Data block:
*-*-*

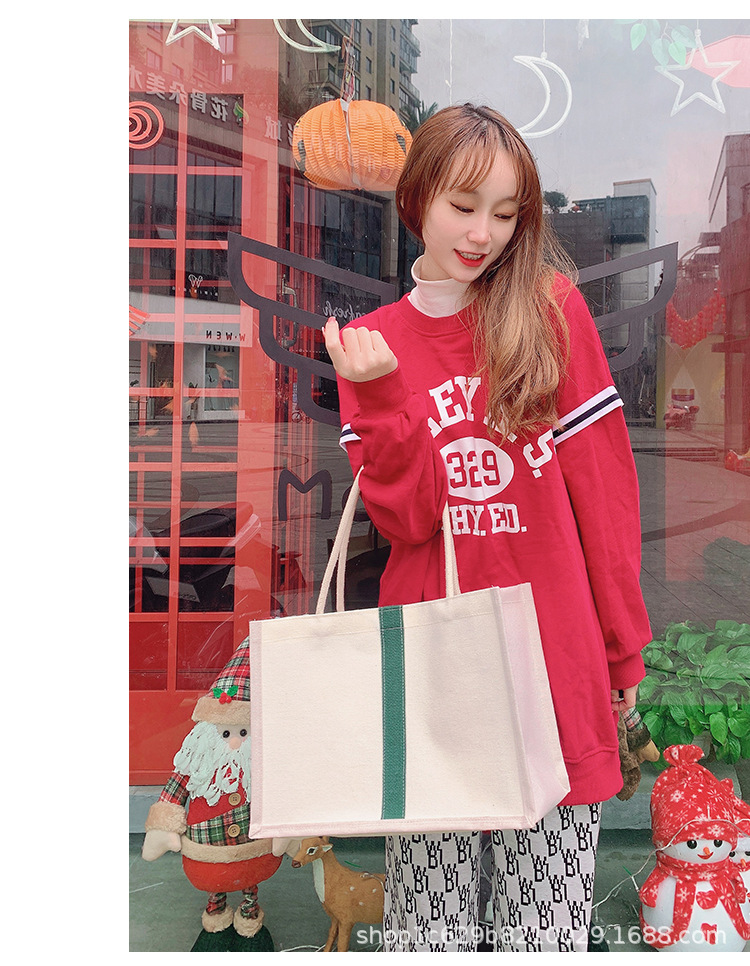 Wholesale of laminated canvas bags in stock, eco-friendly hand-held canvas bags, single-shoulder hand-painted canvas bags with logo printing, cotton and linen bags pic 18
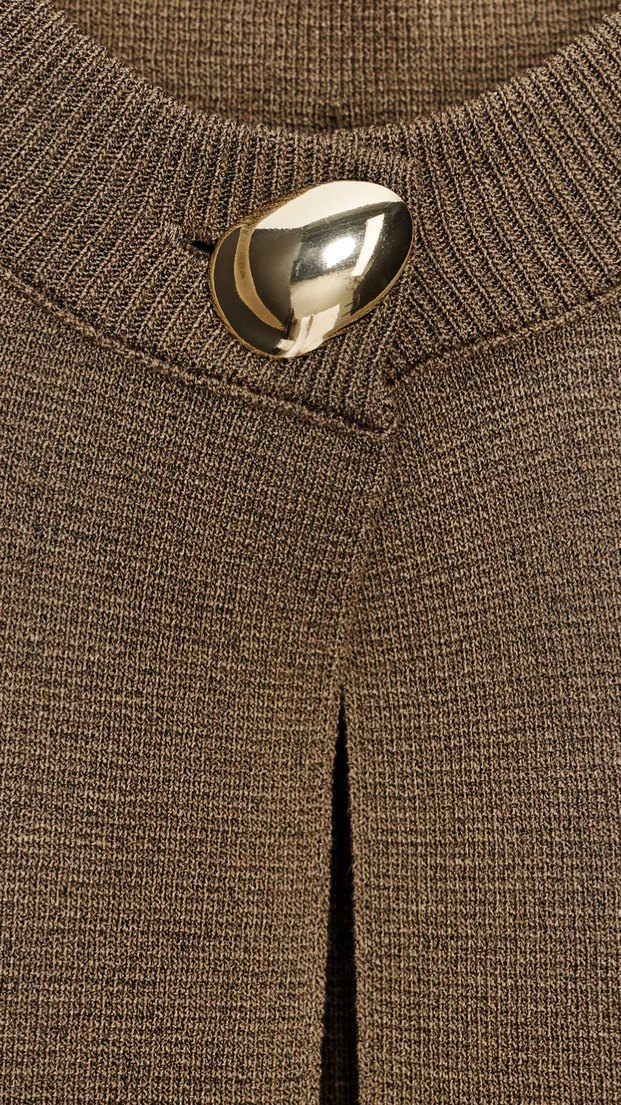 Zara Kahverengi Kısa Kollu Kadın Hırka - Görsel 5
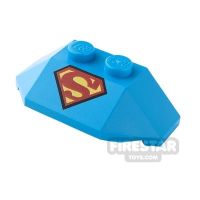 Product shot Printed Wedge 2 x 4 - Superman Logo - Dark Azure
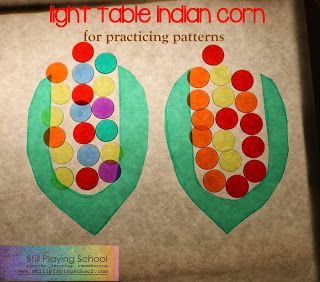 Indian Corn Patterns on the Light Table from Still Playing School Glow In The Dark Activities, Corn Activities, Fall Activities For Kindergarten, Preschool Light Table, Playing With Shadows, Light Box Ideas, Reggio Children, Vegetable Crafts, Light Table Activities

*-*-*

Leave out the pictures; repeat the data exactly.

 Wholesale of laminated canvas bags in stock, eco-friendly hand-held canvas bags, single-shoulder hand-painted canvas bags with logo printing, cotton and linen bags pic 18
 Zara Kahverengi Kısa Kollu Kadın Hırka - Görsel 5
 Product shot Printed Wedge 2 x 4 - Superman Logo - Dark Azure
 Indian Corn Patterns on the Light Table from Still Playing School Glow In The Dark Activities, Corn Activities, Fall Activities For Kindergarten, Preschool Light Table, Playing With Shadows, Light Box Ideas, Reggio Children, Vegetable Crafts, Light Table Activities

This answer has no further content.